Exercise material:
#####

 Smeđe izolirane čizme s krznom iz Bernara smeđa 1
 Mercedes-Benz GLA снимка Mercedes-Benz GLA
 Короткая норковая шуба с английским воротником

#####

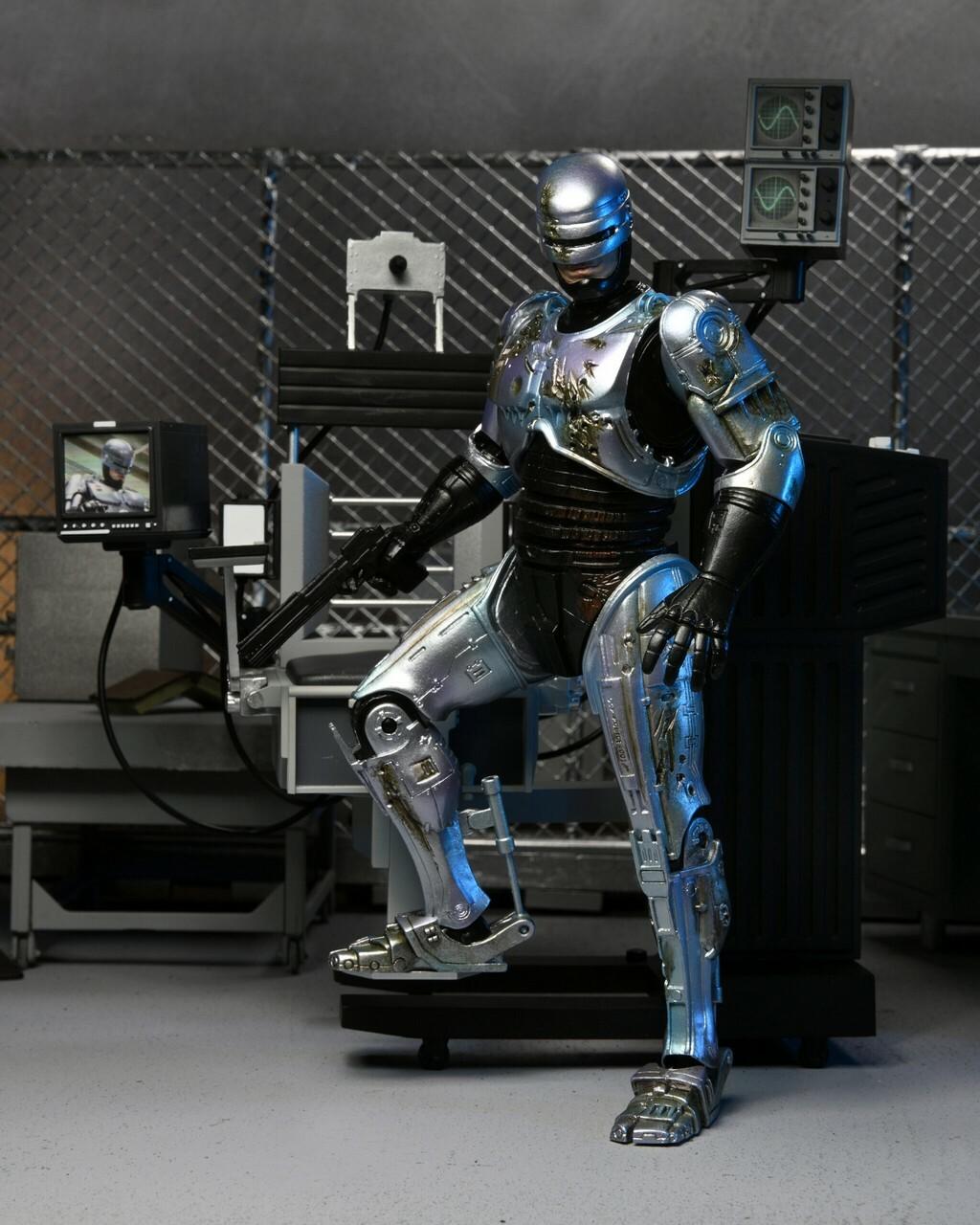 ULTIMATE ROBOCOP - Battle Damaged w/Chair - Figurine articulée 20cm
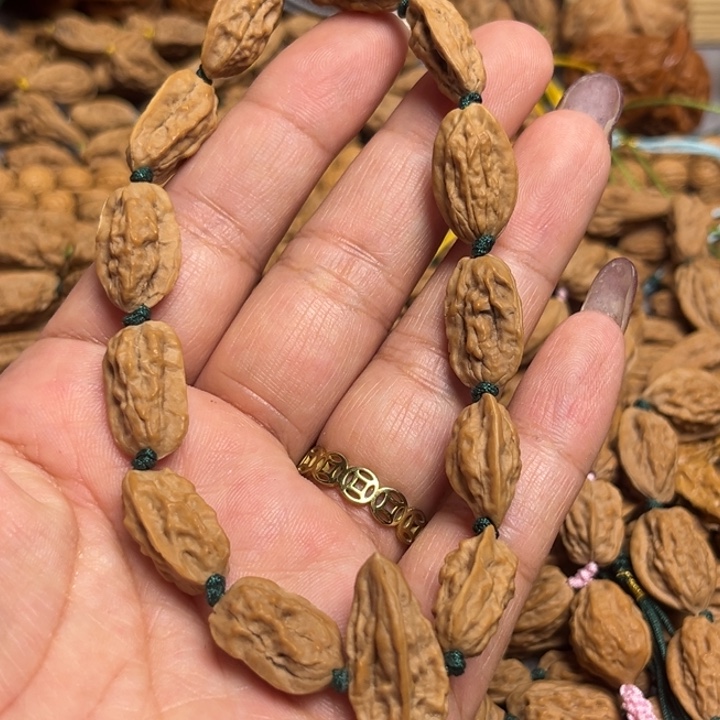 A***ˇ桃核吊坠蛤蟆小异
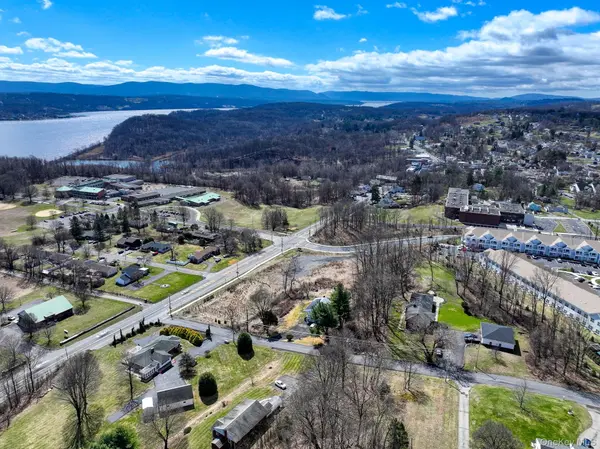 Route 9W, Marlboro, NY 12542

#####

Using the material above, transcribe exactly the lines from the line with "Mercedes-Benz GLA снимка Mercedes-Benz GLA" to the line with "Короткая норковая шуба"; both count, and nothing else goes in.

Your response:
 Mercedes-Benz GLA снимка Mercedes-Benz GLA
 Короткая норковая шуба с английским воротником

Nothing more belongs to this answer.